TASK DIRECTIONS> What you need to produce from the material below is an exact transcription of the lines from the one with "Couple adulte complice" through the one with "T-shirt with Details", both included, and no other line.

TASK INPUTS>
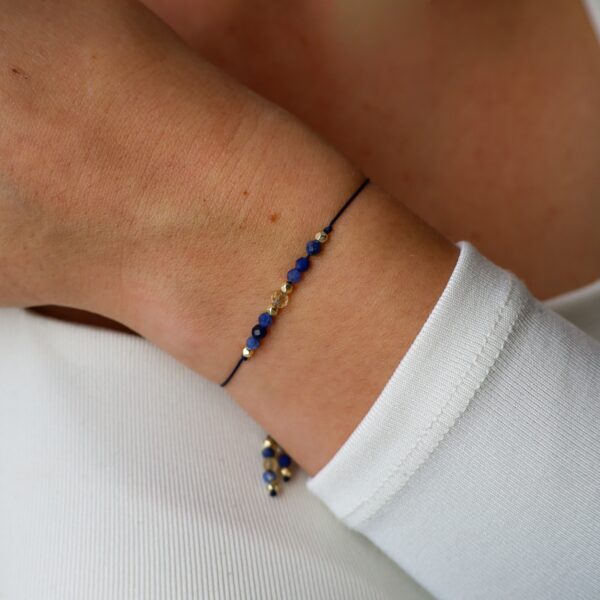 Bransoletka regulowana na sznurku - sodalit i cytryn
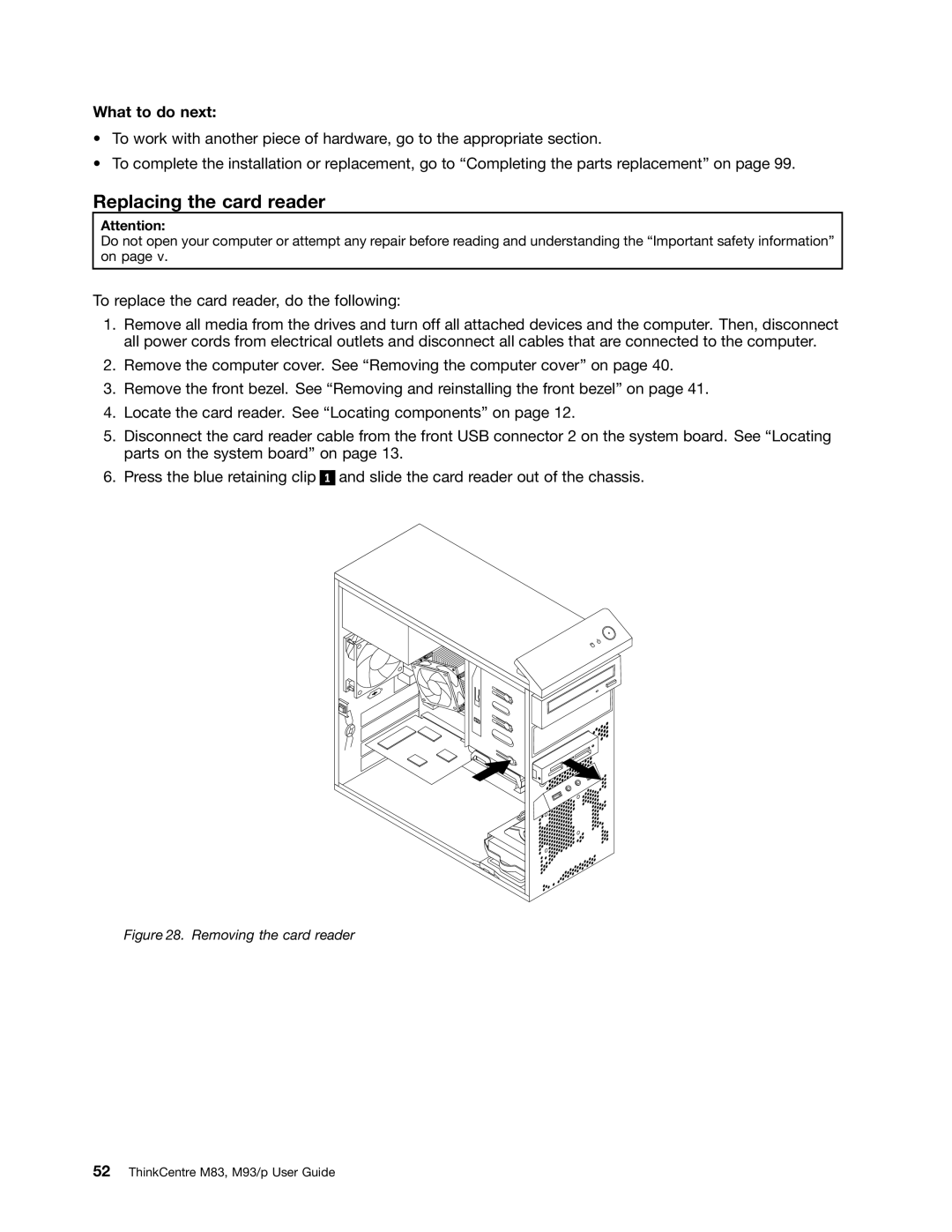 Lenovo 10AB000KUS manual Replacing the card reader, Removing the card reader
---
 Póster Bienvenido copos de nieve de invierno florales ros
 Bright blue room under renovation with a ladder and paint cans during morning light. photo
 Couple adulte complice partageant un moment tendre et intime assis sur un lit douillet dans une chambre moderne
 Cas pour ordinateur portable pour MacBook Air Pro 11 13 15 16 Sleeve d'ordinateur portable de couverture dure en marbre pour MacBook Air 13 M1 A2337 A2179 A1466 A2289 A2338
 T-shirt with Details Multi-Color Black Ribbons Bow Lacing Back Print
--
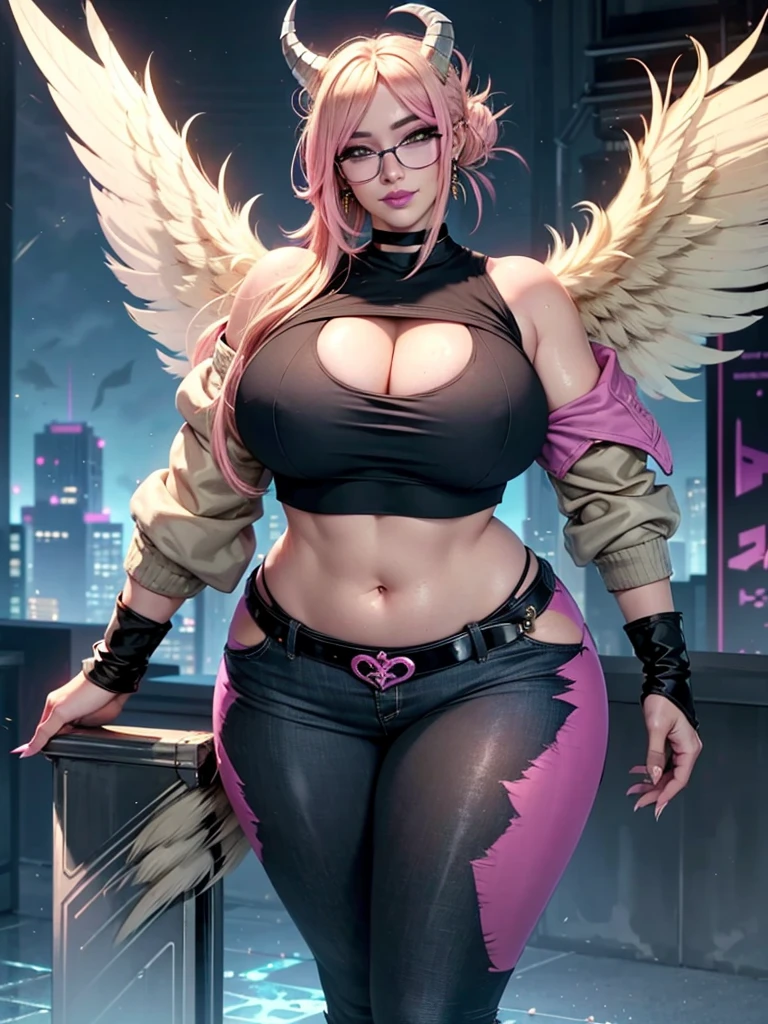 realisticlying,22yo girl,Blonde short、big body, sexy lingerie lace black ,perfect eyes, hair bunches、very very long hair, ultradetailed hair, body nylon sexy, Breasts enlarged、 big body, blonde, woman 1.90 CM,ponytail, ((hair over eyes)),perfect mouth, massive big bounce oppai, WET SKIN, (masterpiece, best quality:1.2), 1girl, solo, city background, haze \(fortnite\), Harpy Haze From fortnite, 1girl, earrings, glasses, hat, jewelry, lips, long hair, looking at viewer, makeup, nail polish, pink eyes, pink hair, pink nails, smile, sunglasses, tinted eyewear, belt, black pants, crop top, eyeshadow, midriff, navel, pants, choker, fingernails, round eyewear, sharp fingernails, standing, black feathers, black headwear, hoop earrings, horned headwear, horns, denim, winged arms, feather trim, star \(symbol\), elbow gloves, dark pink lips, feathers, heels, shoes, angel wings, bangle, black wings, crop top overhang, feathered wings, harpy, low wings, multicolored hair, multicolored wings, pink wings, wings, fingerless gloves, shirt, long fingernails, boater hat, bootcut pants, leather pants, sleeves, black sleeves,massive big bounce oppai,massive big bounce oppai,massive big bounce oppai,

SOLUTION TO THIS EXERCISE>
 Couple adulte complice partageant un moment tendre et intime assis sur un lit douillet dans une chambre moderne
 Cas pour ordinateur portable pour MacBook Air Pro 11 13 15 16 Sleeve d'ordinateur portable de couverture dure en marbre pour MacBook Air 13 M1 A2337 A2179 A1466 A2289 A2338
 T-shirt with Details Multi-Color Black Ribbons Bow Lacing Back Print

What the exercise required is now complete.